Sunday, March 1, 2009

The Yiddish Policemen's Union

The Yiddish Policemen's Union by Michael Chabon (HarperCollins, 2007) 411 pp.

I am starting to resent this talented writer: young(ish), prolific, learned, imaginative, first published at 25. A writer's worst nightmare. This is an inventive detective/whodunit story with an interesting twist.

The language here is funny, profane and inventive: "Landsman [our hero] can hear them talking about him in the hushed tones reserved for madmen, assholes and unwanted guests."

Imagine a Jewish refuge in the state of Alaska after the imagined collapse of the state of Israel in 1948 in the aftermath of the Holocaust. A Jewish community thrives in the Sitka District of Alaska (a real place in Alaska) - street and hotel names, Jewish rituals, the Yiddish and Hebrew languages spoken, Jewish cuisine - all remain intact in the new world after two million Jews emigrate to the state. It is a completely realized world inhabited largely by Jewish refugees, their descendants and Tlingit Indians.

But there are disturbing rumors that the Jews will be forced out of Alaska due to their burgeoning numbers. This is ominously referred to as "The Reversion" of Alaskan territory to the United States perhaps anxious to rid itself of this group.

Enter Meyer Landsman, a homicide detective, a shammes, middle-aged, melancholic and miserable (do these words always have to go together?). Chabon is very witty with his use of Yiddish and Hebrew and incorporating it into this fully realized world. The original meaning of "shammes" is a sexton in a synagogue but here it sounds very like "shamus", American slang for police officer or private investigator. A gun is a "sholem" (literally meaning "peace" in Hebrew, which sounds exactly like "piece" or gun in street slang). Very clever stuff.

Landsman encounters the death of an apparent junkie who was shot in the head in the Zamenhof hotel, the same fleabag hotel that he resides in. Mendel Shpilman, who was living curiously under the alias of a chess genius, was a known heroin junkie who was so talented that he played multiple games of chess at the Einstein Hotel for spare cash.

The more Landsman digs into the case, the more intrigued and disturbed he becomes. Shpilman is the son of a Verbover rebbe (Verbover being a certain type of Hasidic Jew). The elder Shpilman is also Sitka’s most powerful organized crime boss. Mendel was a child prodigy at the game of chess and the reputed Tzaddik Ha-Dor (the Messiah or "righteous man of his generation"), said to perform miracles. He disappeared on the day he was to be married. We soon find out why.
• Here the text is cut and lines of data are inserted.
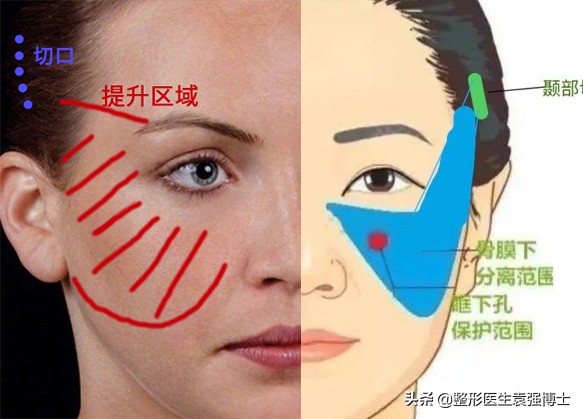 拉皮变美逆龄抗衰,拉皮逆龄抗衰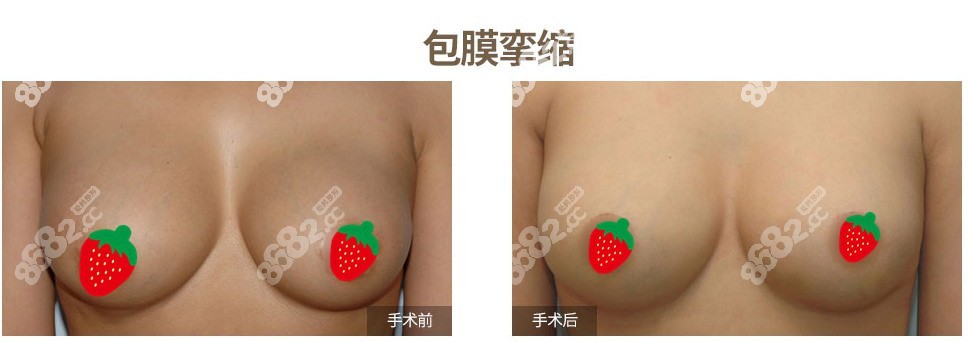 韩国MD李相达院长做包膜挛缩胸修复实例m.8682.cc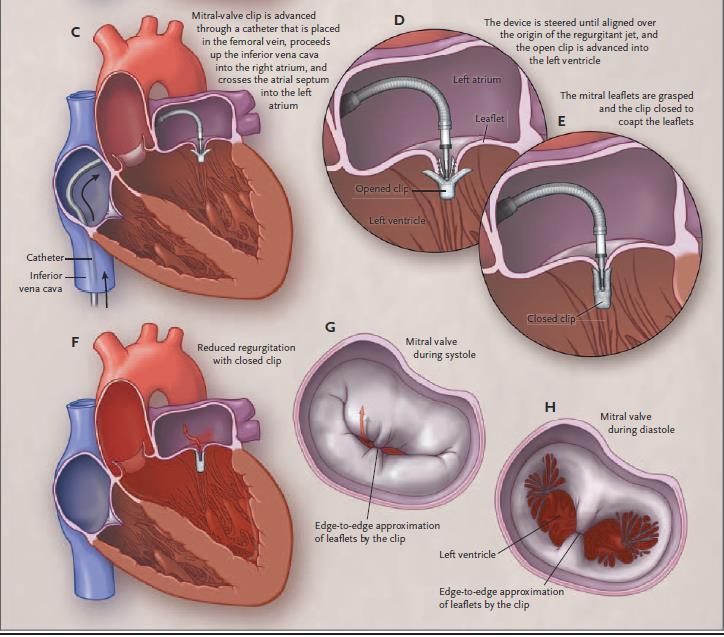 MitraClip NEJM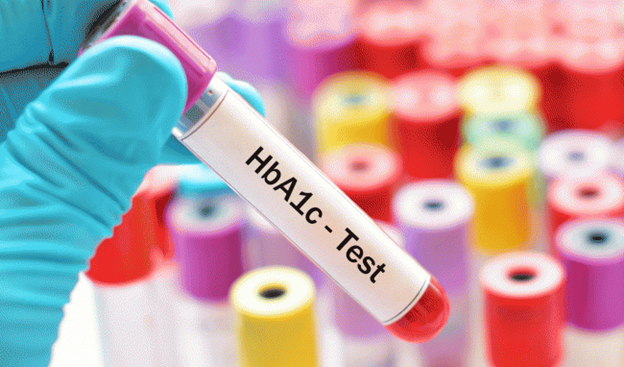 Bạn vẫn có thể ăn uống bình thường trước khi làm xét nghiệm HbA1c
Landsman's commanding officer Bina Gelbfish, who is also his ex-wife, warns him off the case as the vic's father is a very prominent member of the Verbover community. Even his first cousin and partner Berko (intriguingly half Jewish/half Tlingit Indian) is nervous. Yet Landsman persists in the investigation.

Here the somewhat mysterious death of Landsman's sister Naomi Landsman, a bush pilot, collides with the disappearance of the once professed to be Messiah Mendel Shpilman. Before her death, Naomi had flown Shpilman to Peril Strait - a set of mysterious buildings set up by Jews outside the Sitka District. At first glance, it appears to be, alternately, a drug rehab center, a farm or a military training camp where Mendel might have been seeking treatment for this addiction.

Obviously on to some shady business involving Mendel's death, Landsman ends up at Peril Strait to puruse this. He is threatened, beaten, stripped, locked up and somehow escapes half naked and shackled to a wire frame of a mattress to join his cousin Berko who has followed him there.

Together they uncover an international plot which involves both the return of the Messiah to Jerusalem and the death of his sister.

I actually spelled out more of the plot here until I realized I was revealing too much of the story ... I was puzzled and disappointed by the ending. It seemed too flat. The resolution of Mendel Shpilman's homicide is neither as eventful nor as satisfying as I imagined from this artful book.

But I think we are dealing with a major talent with a vast and encyclopedic knowledge. And being a typical writer I am both gratified by the quality of his work and supremely jealous.